24.11.11

Araçuaí e a resistência cultural no Vale do Jequitinhonha

Hoje na aula de História da Cultura, a professora Adriana Romeiro, numa espécie de desabafo exaltado sobre o que realmente é e pra que serve a arte, disse que não se pode comparar uma carranca feita no Vale do Jequitinhonha com a Mona Lisa. Eu, com minha camiseta do grupo de teatro de Araçuaí, Ícaros do Vale, fiquei até encolhido. Longe de querer entrar nessa discussão, sobre o que é arte, o que é artesanato e qual o papel de cada um, eu sou apenas fascinado pelas culturas populares. Sempre lamento a distância que a Academia se encontra da sociedade, e uma disciplina que poderia explorar melhor a cultura do povo, nada mais é do que uma História da Arte sem critérios.
Recentemente estive em Araçuaí, e a camiseta é lembrança disso, no médio Vale do Jequitinhonha. Era a primeira vez que eu visitava a cidade e fiquei fascinado por ela. Não é nem de longe a cidade mais bonita do vale, infelizmente não há preocupação em se preservar o patrimônio histórico, mas é uma cidade interessantíssima, e, sem dúvida, a mais quente e com a maior movimentação cultural do vale todo.
Quando eu morava em Almenara (ano passado, han, nem tem tanto tempo), o que os jovens mais reclamavam era da falta de opção de lazer e cultura. Em Almenara realmente há essa falta, mas eu me questiono se os jovens iriam se contentar com uma expressão cultural local, ou iriam querer um Cinemark.
Araçuaí quebra todos os padrões, é um lugar onde a fomentação cultural é grande, e as pessoas valorizam isso. Não todos, lógico, a cultura de verdade ainda interessa a poucos, é mais fácil ser repetitivo, ouvir a música pop com a primeira parte, refrão e bridge, o filme com a estética padronizada, tudo o que a gente tá acostumado e viciado. Em Araçuaí existe grupo de teatro, de artesãos, cinema, trovadores e muito mais. A cultura lá acontece e á valorizada. Numa região extremamente estereotipada pela imagem do sertanejo pobre, isso é importante, inclusive pra mostrar que o lugar é muito mais do que apenas isso. A arte, seja ela uma carranca ou a Mona Lisa, é importante como expressão, elas não são apenas distração ou abstração, mas de alguma forma, modificam nossa visão das coisas e daquilo que cerca a obra. O Vale do Jequitinhonha não precisa de esmola, precisa de valorização, precisa que seu próprio povo valorize sua cultura. 
Ademais, pra quem quiser conhecer uma realidade fascinante e bucólica e curtir um sertão 35º, não há nada mais recomendável.

12.11.11

Vossa senhoria pode por favor considerar-se detido

Quando eu estudava Filosofia no ensino médio, eu pensava: "porra, Filosofia é tão legal, pena que eu preciso de uma apostila pra entender o que esses caras tão dizendo.

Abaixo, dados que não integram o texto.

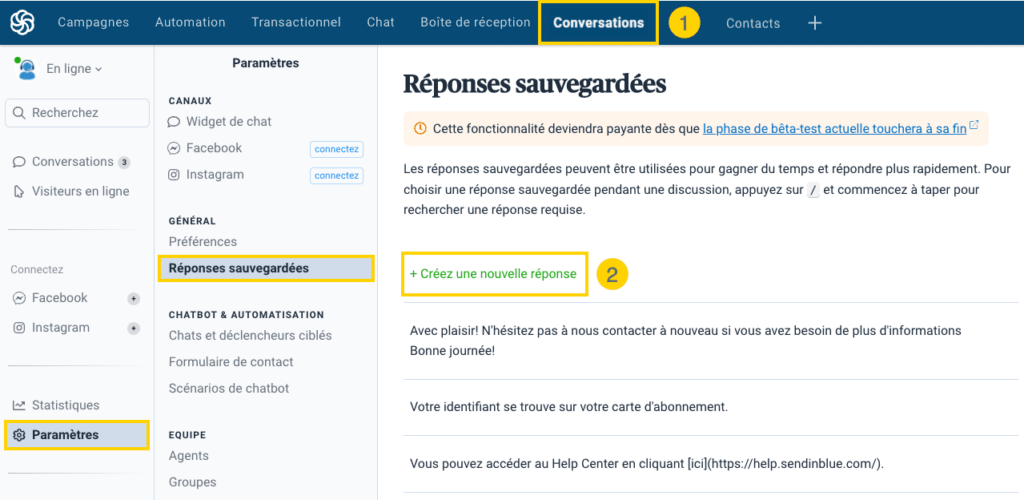 Chat réponses sauvegardées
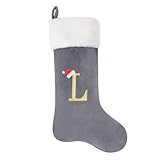 AUAWMLK 20-Inch Letter Embroidered Christmas Stocking Thick Grey Velvet with Super Soft Plush Cuff Personalized Festival Decoration for Xmas and New Year Party(Letter L)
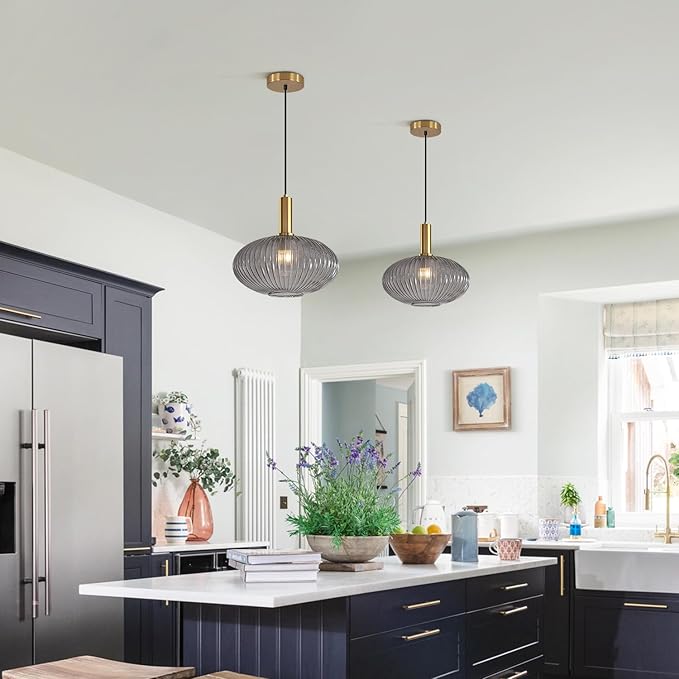 KCO Lighting Mid Century Modern Gold Glass Pendant Lighting Smoke Grey Globe - Image 4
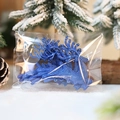 Blue reindeer Christmas tree ornaments set with glitter finish on white snow background - Set of 6 / Blue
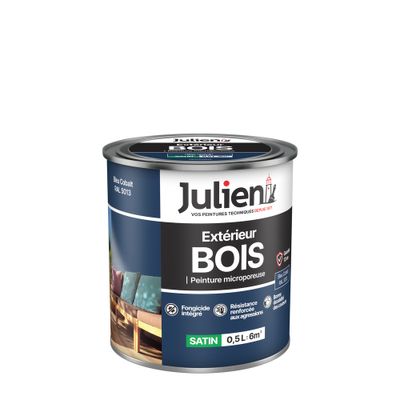 Peinture bois bleu cobalt RAL 5013 satin 0,5 L - JULIEN
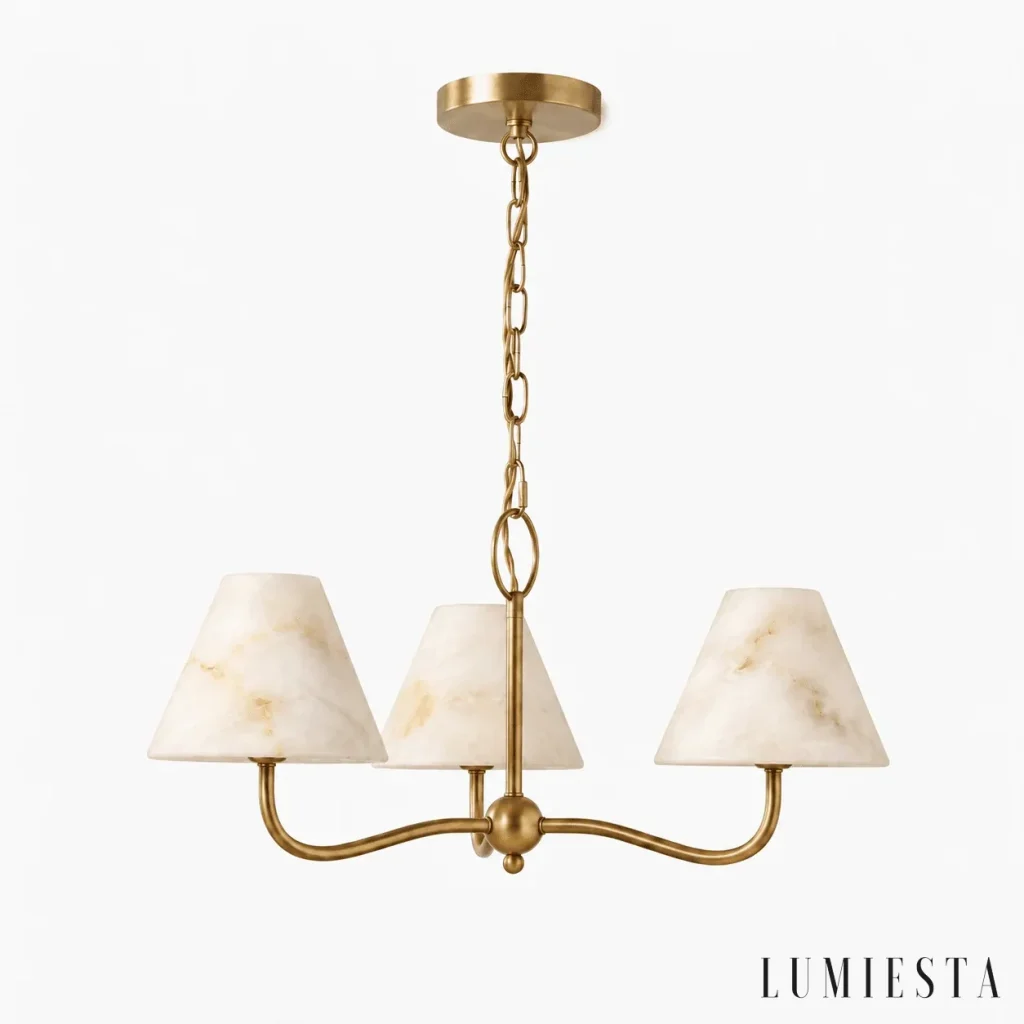 Vinci - alabaster chandelier with three conical shades
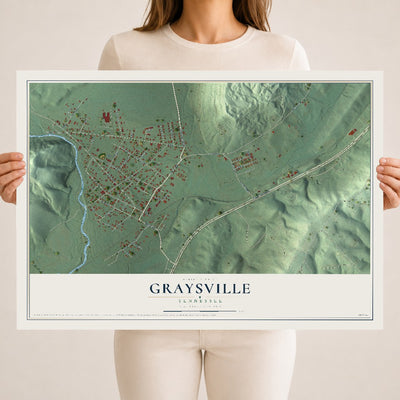 Map of Graysville, Tennessee, 18 x 24 inch unframed archival matte print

A Filosofia fica restrita a quem tem uma carga cultural e literária grandes demais. Os filósofos deviam se preocupar mais em tornar sua mensagem acessível".
Ainda concordo comigo mais novo. Mas o problema dos intelectuais vai mais fundo que isso. Eles se sentem ou estão diferenciados do resto da população, dos ditos incultos. Como se fossem donos do conhecimento da sociedade, a cultura personificada, os semideuses das universidades.
É óbvio que eles não têm essa visão de si, até porque não são assim de verdade, mas são assim que aparecem e que o próprio sistema os coloca.
A ocupação da fefeleche mostra bem isso. Os campi universitários são tidos como lugares da fomentação intelectual, onde o pensamento floresce o tempo todo, e a expressão e o comportamento de quem é de lá não pode ser repreendido. Pelo menos não lá. Fumar maconha é algo extremamente corriqueiro e normal em ambientes assim, e principalmente em faculdades de ciências humanas. Aqui na Fafich da UFMG que equivale à FFLCH da USP, por exemplo, o cheiro de cigarro de palha está impregnado no prédio e faz parte da identidade do lugar, e é muito fácil também sentir o cheiro da cannabis nas proximidades do Diretório Acadêmico. 
A polícia no campus é vista como um vírus, não são alunos, nem professores, nem funcionários, são estranhos que não possuem nenhum vínculo com a comunidade a não ser um papel assinado chamado convênio. A universidade é uma grande comunidade e nós nos sentimos assim.
Mas a polícia, estando lá dentro, não pode tratar o campus como uma área especial onde as leis são diferentes. Se não pode fumar maconha no morro, também não pode na universidade, e se a polícia vê, tem que pegar. Já se sabe que não há prisão para usuários, más há advertência e aquelas bobagens de penas socioeducativas. A segurança normal da universidade não tem autoridade pra repreender dessa forma, ela apenas cuida da segurança de quem está lá dentro e adverte caso alguém esteja desrespeitando alguma coisa do tipo, estacionar em local indevido e tal. Isso é o ideal, e se a polícia se comportasse assim seria ótimo, mas não dá, porque ela não está a serviço do campus e sim da sociedade. Polícia é polícia, não é guarda.
Esses são os dois lados da questão, e os dois estão certos. Não dá pra ficar nessa crítica rasa de que os revoltados da USP são filhinhos de papai que se rebelam porque querem fumar maconha. A maconha simboliza toda a liberdade deles dentro do campus. E se são ricos, não têm culpa disso. A universidade é pública, entra quem se inscreve no vestibular e tem a capacidade de passar. Se apenas a elite consegue isso, é um problema estrutural da educação no país. E com todas as políticas superficiais de inclusão social nas universidades, é cada vez mais difícil pra eles entrar lá. A universidade é para o povo e não apenas pra classe C. Assim como a polícia não é polícia só pra classe C. E enquanto ela estiver no campus, deve continuar agindo como se estivesse na rua.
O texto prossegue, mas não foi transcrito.